Church, Ministry and the Banyan Trees
The Shape of the Church. Asian Christian thinking is not totally sold out to the hierarchical mould of the church of which it is more of building structure rather than a tree. The weakness of an over-organized church in Asia is revealed especially that of the Roman Catholics where exclusivism, busyness, institutionalism, and compartmentalism are flagrant. Asians are more interested in synthesis or general conclusion. They want the church as a living organism rather than as an institution (127-27).
Layman’s Viewpoint. This section emphasized the diversity of ministries in Asian context. One particular group cited is the Society of Priscilla and Aquilla (SAP). This professional couples-tentmakers (laypeople) are compared to fluids that run through plants as they influence their community with their life and work. Theirs was a ministry that avoids the concept of paid-expositors, luxurious missionaries, and pre-planned witness. The presence of obedience to promote Christ, simplicity, spontaneity and diversity is an effective means of evangelism in Asia. Dr Tekenaka suggested four types of diverse ministry: (1) ordinary life and work ministry of laity, (2) theologically-trained minister to equip lay workers, (3) specialized mobile ministry, and (4) voluntary non-professional ministers (138-45).

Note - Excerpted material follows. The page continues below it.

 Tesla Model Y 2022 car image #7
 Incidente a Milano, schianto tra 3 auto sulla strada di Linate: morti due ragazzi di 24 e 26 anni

Worship and the Sprouting of the Tree Stumps
Eastern Worship and Modern Man. Asian Christians press toward an open prayer-centered growth in worship. Prayer, as an exercise of freedom in speech and intimacy, is an experience of God’s fatherhood, grace and forgiveness of Christ, and fullness of the Spirit that provides genuine qualities for human existence. Hunger for mysteries that seeks undeniability of transcendence and the world is important to modern Asian spirituality. Intellectualizing spirituality threatens Asian’s natural inclinations to non-rational and mystical realities. The scope of Asian worship includes a quest for profound synthesis of theological depth and devotion. Silence is also a main concern in Asian spirituality (149-56).
Being and Doing. Asian Christian’s deepest meaning of synthesis and wholeness is perceived to lie in that focal point of intersection between being and doing in “the Cross of Jesus, the Tree of life.” (158) The Christian task therefore is to find Christ in every culture and the people’s quest for being. The challenge is that Jesus Christ, the Logos, must be made manifest in the philosophy and religion of the Asians. Thus, dialogue with Asian culture is of utmost necessity.
The Centrality of the Cross. Ultimately, tree-symbolism finds theological significance in the Crucified Lord. The link between tree-symbolism and the cross is crucial to Asian theologians. The profoundness of mysticism in the light of the cross shows the junction where sinful humanity meets God. The sufficiency of Christ, where all things hold together, projects the Cross as that “something unitary” for the centrality of Christ is historically and mystically reconciled.
Response
A must reading for all aspiring Asian theologians! To dialogue with the thinking pattern of Asians is an important enterprise so as not to build theology on swampy ground that will drown one’s theology in oblivion. Hargreaves deals with the importance of making the message of the Gospel really understandable to Asian people and construct theology that meets the need of the community.